The listing below contains a span that opens with the line containing "Set pansoane litera, 5 mm, BGS 2032 - Img 5" and closes with the line containing "Reincarnation of Another". Return that span exactly.

- [STUDY MATERIAL]:
___

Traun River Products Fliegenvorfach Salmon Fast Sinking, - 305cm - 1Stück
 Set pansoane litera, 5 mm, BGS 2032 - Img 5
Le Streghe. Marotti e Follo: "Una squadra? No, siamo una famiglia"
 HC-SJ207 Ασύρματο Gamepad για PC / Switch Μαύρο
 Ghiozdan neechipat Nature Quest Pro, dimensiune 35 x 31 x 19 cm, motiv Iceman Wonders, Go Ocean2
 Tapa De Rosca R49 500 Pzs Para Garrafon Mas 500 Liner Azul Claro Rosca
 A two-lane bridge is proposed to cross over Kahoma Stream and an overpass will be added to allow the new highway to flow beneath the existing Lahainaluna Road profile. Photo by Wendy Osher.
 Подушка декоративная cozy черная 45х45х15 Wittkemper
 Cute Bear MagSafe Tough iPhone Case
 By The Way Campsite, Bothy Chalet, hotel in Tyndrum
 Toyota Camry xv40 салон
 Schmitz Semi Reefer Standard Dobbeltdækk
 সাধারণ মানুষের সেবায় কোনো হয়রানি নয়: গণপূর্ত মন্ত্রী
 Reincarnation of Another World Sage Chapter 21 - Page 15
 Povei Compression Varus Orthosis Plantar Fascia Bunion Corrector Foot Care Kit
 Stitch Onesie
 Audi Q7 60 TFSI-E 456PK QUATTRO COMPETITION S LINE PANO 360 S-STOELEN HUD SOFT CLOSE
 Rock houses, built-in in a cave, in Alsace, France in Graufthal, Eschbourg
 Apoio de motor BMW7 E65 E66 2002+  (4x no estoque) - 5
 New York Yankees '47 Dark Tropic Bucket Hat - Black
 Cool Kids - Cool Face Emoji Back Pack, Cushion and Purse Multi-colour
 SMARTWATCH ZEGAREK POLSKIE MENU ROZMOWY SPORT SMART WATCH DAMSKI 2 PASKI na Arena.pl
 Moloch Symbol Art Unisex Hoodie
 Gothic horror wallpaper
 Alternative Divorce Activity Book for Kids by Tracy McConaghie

___

- [YOUR SOLUTION]:
 Set pansoane litera, 5 mm, BGS 2032 - Img 5
Le Streghe. Marotti e Follo: "Una squadra? No, siamo una famiglia"
 HC-SJ207 Ασύρματο Gamepad για PC / Switch Μαύρο
 Ghiozdan neechipat Nature Quest Pro, dimensiune 35 x 31 x 19 cm, motiv Iceman Wonders, Go Ocean2
 Tapa De Rosca R49 500 Pzs Para Garrafon Mas 500 Liner Azul Claro Rosca
 A two-lane bridge is proposed to cross over Kahoma Stream and an overpass will be added to allow the new highway to flow beneath the existing Lahainaluna Road profile. Photo by Wendy Osher.
 Подушка декоративная cozy черная 45х45х15 Wittkemper
 Cute Bear MagSafe Tough iPhone Case
 By The Way Campsite, Bothy Chalet, hotel in Tyndrum
 Toyota Camry xv40 салон
 Schmitz Semi Reefer Standard Dobbeltdækk
 সাধারণ মানুষের সেবায় কোনো হয়রানি নয়: গণপূর্ত মন্ত্রী
 Reincarnation of Another World Sage Chapter 21 - Page 15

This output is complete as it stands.